Basti guardare cosa ci insegna la storia americana. La prima ondata del movimento per i diritti civili capitanata da Martin Luther King fu caratterizzata da proteste pacifiche e portò a delle riforme fondamentali per il raggiungimento della parità razziale. Contiamo ad esempio il Civil Rights Act, il Brown v Board of Education, e la cancellazione totale delle leggi Jim Crow. La seconda ondata del movimento per i diritti civili guidata dal Burn Baby Burn Movement fu invece caratterizzata da proteste violente e portò al passaggio da uno stato sociale – fortemente in crescita negli anni sessanta con la Guerra alla Povertà del Presidente Lyndon B. Johnson – a uno stato penale. Contiamo ad esempio l’incarcerazione di massa della popolazione nera, la Zero Tolerance policy di Rudy Giuliani, e la Three-strikes law di Bill Clinton. Nel 1979, la probabilità di finire dietro le sbarre per un uomo nero senza diploma delle superiori era pari al 20%, oggi è pari al 59%. Nel dopoguerra, la popolazione carceraria americana era 70% bianca e 30% nera e latina; oggi è del 70% nera e latina e del 30% bianca.

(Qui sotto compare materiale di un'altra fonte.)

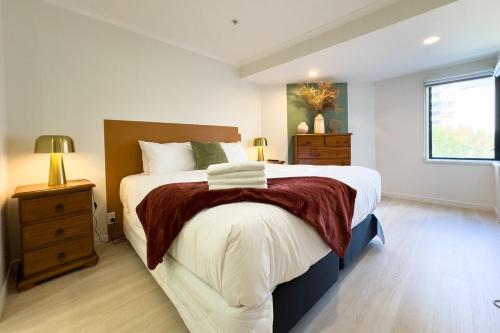 ein Schlafzimmer mit großem Bett und Fenster in der Unterkunft Two bedrooms Condo with Skytower View in Auckland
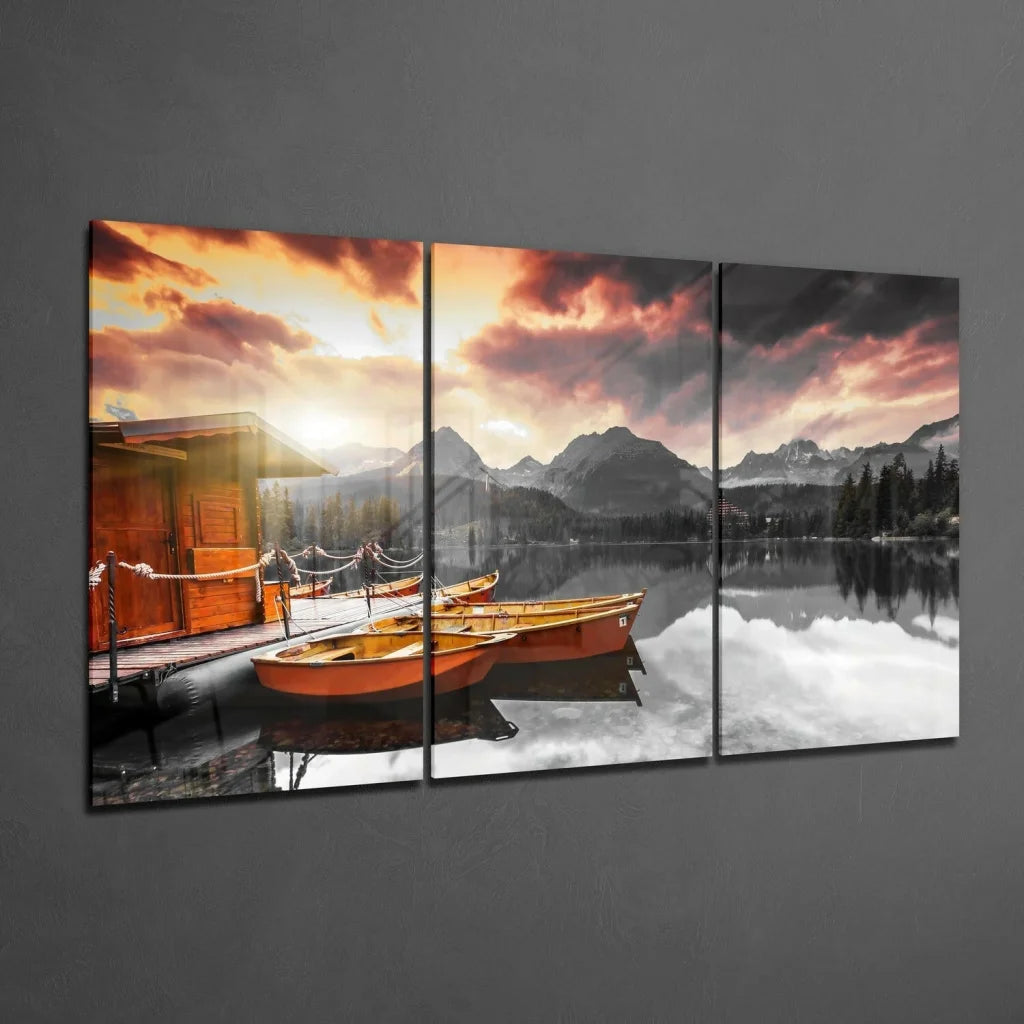 Stunning sunset boats triptych wall art with orange glow on serene lakeside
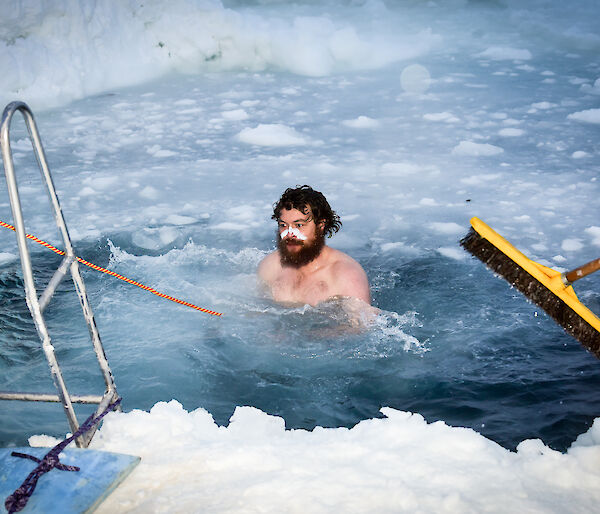 Expeditioner takes midwinter swim in a hole in the ice.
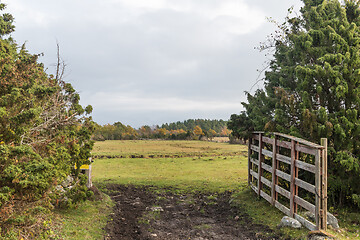 Image showing Open gate into a fall colored landscape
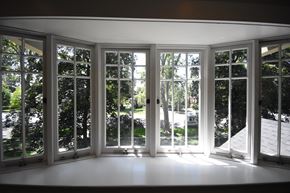 Provo apartment for rent - A sunny day with a view of trees through a set of white windows.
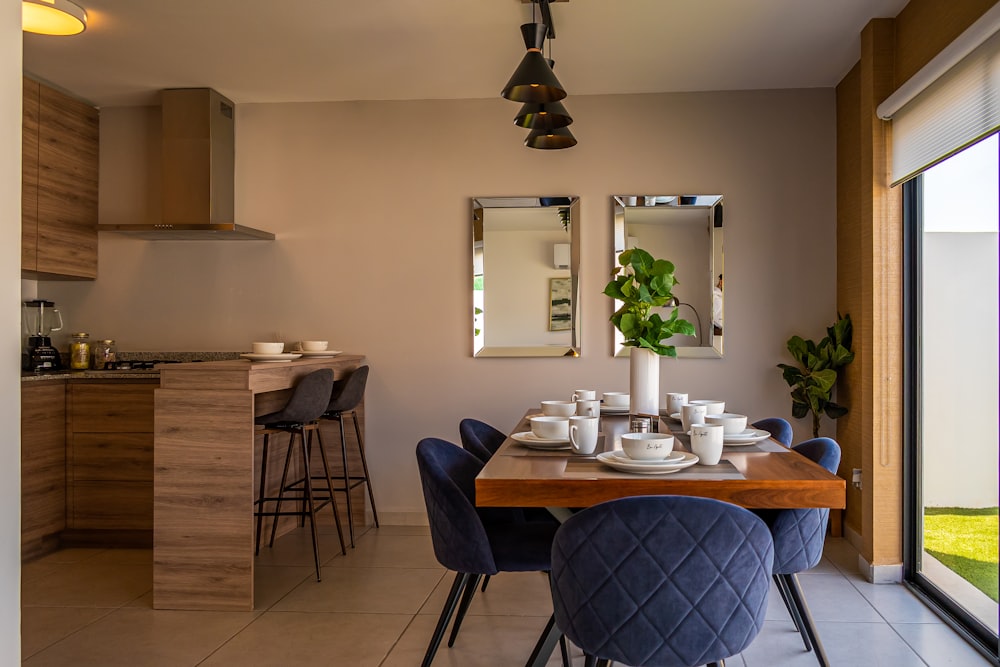 a dining room with a table and chairs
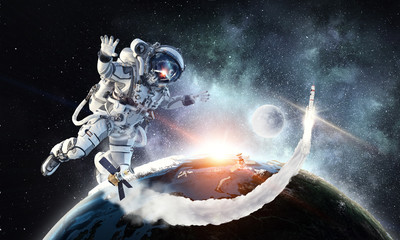 Fototapeta na wymiar Spaceman and his mission. Mixed media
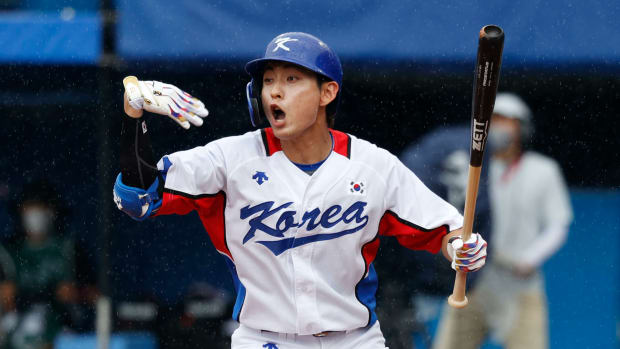 Aug 7, 2021; Yokohama, Japan; Team South Korea outfielder Jung Hoo Lee (51) gestures after a wild pitch by Dominican Republic in the baseball bronze medal match during the Tokyo 2020 Olympic Summer Games at Yokohama Baseball Stadium.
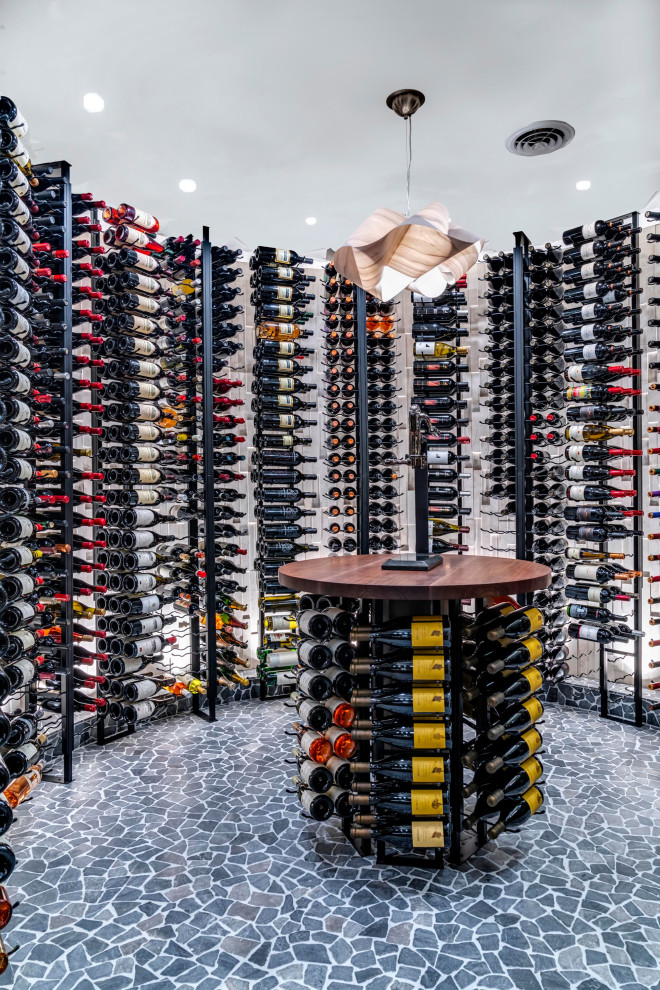 Example of a mid-sized mountain style concrete floor and gray floor wine cellar design in Columbus with storage racks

Loïc Wacquant da la colpa alla seconda ondata del movimento per i diritti civili. La violenza del Burn Baby Burn Movement entrò per la prima volta nelle case degli americani attraverso la televisione e causò un reinterpretazione su larga scala della popolazione nera, specialmente quella appartenente alla classe lavoratrice. La maggioranza bianca smise di vedere la classe lavoratrice nera come meritevole di assistenza sociale e la incominciò a vedere come minacciosa e meritevole di essere punita. Questa reinterpretazione fu naturalmente sbagliata – i neri non diventarono più pericolosi e i crimini violenti diminuirono – ma le proteste violente del Burn Baby Burn Movement ebbero la capacita di distorcere la realtà e portare la maggioranza bianca a richiedere un giro di vite sui presunti criminali neri. Il risultato fu un iper incarcerazione ingiustificata della popolazione nera.
Il rischio delle proteste violenti di oggi è lo stesso. Invece che seguire la strada pacifica imboccata da Martin Luther King nel 1955, come stanno facendo la maggior parte dei protestanti, i leoni da tastiera preferiscono seguire quella del Burn Baby Burn Movement, dando alibi a gruppi come Antifa per continuare a saccheggiare e far male ai cittadini innocenti. Invece che costruire un movimento contro il razzismo che possa includere tutte le razze e gli strati sociali, la giustificazione della violenza rischia di fuorviare e dividere i benintenzionati. Invece che richiedere a gran voce una riforma della polizia e delle forze dell’ordine, la giustificazione della violenza rischia di far cadere nel dimenticatoio la morte di George Floyd e rendere inutili le proteste pacifiche di questi giorni. Un consiglio: ascoltate il fratello di George Floyd e continuate a urlare il suo nome, ma fatelo denunciando e non giustificando quelli che sporcano la sua memoria.